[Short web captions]

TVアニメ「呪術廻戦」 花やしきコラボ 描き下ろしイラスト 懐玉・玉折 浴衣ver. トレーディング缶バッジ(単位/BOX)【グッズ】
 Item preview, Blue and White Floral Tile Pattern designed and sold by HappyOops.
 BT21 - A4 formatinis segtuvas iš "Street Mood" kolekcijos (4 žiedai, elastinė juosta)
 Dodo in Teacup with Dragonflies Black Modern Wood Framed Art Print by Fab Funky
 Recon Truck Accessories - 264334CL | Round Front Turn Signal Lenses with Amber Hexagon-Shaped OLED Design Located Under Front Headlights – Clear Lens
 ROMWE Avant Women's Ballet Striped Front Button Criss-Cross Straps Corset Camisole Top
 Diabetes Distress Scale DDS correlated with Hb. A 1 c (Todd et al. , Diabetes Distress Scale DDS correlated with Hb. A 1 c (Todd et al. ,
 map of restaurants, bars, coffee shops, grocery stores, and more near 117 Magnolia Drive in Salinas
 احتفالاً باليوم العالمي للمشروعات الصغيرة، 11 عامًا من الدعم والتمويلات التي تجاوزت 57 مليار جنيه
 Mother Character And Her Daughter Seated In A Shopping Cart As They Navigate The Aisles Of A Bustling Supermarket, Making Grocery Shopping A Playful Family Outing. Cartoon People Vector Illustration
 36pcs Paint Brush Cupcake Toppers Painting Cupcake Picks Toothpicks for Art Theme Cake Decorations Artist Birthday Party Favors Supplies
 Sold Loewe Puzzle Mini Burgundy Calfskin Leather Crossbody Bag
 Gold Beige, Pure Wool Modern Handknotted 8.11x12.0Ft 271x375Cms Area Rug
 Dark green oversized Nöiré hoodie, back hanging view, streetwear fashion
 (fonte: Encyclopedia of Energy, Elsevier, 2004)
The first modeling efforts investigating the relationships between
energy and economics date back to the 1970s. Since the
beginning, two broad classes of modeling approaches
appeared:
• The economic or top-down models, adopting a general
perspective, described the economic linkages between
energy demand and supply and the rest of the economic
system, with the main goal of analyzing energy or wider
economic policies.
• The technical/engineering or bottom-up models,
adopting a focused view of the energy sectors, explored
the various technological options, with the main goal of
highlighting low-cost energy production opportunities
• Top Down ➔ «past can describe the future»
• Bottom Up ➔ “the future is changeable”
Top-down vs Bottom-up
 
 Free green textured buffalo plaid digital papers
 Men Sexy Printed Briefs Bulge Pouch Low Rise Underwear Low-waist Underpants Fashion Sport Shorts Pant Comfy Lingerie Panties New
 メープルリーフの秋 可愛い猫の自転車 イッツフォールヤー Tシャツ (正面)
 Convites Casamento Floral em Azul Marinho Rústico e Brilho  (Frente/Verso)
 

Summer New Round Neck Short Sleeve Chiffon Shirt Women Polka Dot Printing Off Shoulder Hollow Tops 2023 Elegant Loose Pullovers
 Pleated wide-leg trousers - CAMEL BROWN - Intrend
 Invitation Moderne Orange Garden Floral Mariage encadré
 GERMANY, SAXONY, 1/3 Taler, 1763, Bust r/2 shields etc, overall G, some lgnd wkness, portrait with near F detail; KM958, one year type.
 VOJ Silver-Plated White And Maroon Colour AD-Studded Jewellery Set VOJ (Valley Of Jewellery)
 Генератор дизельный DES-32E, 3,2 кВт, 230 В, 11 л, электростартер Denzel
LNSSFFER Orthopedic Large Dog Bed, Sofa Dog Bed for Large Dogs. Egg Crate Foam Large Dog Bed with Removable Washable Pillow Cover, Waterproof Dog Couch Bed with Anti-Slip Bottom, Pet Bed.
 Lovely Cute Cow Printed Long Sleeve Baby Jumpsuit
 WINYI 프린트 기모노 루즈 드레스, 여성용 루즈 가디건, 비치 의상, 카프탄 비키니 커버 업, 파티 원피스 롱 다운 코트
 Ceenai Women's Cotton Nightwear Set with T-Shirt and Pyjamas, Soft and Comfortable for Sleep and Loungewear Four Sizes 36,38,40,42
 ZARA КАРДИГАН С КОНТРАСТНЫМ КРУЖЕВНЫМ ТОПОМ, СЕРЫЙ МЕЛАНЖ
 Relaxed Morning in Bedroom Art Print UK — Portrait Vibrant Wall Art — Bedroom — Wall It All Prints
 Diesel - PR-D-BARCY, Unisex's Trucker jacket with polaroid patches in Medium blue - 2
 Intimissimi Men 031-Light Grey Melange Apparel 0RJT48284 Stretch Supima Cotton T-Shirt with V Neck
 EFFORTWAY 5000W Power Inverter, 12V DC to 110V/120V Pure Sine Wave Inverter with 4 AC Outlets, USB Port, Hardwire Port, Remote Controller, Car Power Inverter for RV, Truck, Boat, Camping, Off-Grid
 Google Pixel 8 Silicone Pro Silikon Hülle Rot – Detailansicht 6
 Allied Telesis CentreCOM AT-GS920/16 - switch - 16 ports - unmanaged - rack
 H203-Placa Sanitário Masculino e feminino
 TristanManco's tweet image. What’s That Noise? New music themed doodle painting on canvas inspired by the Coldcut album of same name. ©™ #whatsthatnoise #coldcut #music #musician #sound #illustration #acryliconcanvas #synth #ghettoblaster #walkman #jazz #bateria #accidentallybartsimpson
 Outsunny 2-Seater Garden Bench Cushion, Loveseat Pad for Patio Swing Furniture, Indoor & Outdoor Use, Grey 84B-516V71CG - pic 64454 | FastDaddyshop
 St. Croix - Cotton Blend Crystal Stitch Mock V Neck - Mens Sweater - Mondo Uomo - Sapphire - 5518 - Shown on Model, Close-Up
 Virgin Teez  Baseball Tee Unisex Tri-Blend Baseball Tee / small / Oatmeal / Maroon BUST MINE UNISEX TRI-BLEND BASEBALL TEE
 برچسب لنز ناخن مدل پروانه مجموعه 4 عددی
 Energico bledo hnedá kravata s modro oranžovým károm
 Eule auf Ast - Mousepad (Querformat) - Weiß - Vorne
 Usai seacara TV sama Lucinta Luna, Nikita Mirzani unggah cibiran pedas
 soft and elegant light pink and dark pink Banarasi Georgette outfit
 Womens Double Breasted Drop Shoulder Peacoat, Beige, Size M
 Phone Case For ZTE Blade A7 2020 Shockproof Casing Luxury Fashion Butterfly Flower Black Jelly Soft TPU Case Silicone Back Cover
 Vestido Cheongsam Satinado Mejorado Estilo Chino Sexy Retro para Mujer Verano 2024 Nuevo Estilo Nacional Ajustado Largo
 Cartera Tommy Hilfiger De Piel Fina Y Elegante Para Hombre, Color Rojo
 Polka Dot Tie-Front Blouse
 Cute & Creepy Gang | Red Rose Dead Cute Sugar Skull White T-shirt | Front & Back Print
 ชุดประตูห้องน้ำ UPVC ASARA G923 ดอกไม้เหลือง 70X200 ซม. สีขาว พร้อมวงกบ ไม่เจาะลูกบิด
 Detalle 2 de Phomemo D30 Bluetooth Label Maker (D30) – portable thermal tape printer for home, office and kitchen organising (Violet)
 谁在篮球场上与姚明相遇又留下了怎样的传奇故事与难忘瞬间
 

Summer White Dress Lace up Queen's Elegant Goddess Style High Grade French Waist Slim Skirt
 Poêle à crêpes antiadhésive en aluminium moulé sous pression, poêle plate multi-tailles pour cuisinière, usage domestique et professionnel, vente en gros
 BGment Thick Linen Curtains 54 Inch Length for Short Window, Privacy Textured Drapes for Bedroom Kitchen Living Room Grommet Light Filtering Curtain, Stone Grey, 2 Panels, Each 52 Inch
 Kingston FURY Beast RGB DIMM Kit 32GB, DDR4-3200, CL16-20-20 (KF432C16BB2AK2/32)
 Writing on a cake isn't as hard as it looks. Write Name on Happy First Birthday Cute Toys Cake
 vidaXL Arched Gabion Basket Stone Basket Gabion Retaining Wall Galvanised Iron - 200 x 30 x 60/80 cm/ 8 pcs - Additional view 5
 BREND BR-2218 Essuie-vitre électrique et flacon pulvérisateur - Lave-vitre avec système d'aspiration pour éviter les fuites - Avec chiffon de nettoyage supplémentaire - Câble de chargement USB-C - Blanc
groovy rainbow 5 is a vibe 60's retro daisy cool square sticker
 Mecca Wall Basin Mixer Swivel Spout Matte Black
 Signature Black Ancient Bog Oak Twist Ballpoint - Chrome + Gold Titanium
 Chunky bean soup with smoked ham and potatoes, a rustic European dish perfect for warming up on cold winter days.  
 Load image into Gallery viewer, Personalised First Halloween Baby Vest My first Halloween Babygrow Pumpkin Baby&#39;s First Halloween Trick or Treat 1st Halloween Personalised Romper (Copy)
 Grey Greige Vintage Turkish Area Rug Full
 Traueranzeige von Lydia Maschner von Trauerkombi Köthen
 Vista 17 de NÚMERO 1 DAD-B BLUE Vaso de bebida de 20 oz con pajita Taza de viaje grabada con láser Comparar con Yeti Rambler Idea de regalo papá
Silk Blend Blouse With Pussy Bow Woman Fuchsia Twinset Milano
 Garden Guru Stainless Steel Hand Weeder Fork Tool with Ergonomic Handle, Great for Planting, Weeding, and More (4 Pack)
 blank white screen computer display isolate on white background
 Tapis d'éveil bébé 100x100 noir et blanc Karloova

* [TASK TO CARRY OUT] Your task is to restate, word for word, the lines from the beginning of the records to the line with "Dodo in Teacup", inclusive.

* [ANSWER TO THE EXERCISE]
TVアニメ「呪術廻戦」 花やしきコラボ 描き下ろしイラスト 懐玉・玉折 浴衣ver. トレーディング缶バッジ(単位/BOX)【グッズ】
 Item preview, Blue and White Floral Tile Pattern designed and sold by HappyOops.
 BT21 - A4 formatinis segtuvas iš "Street Mood" kolekcijos (4 žiedai, elastinė juosta)
 Dodo in Teacup with Dragonflies Black Modern Wood Framed Art Print by Fab Funky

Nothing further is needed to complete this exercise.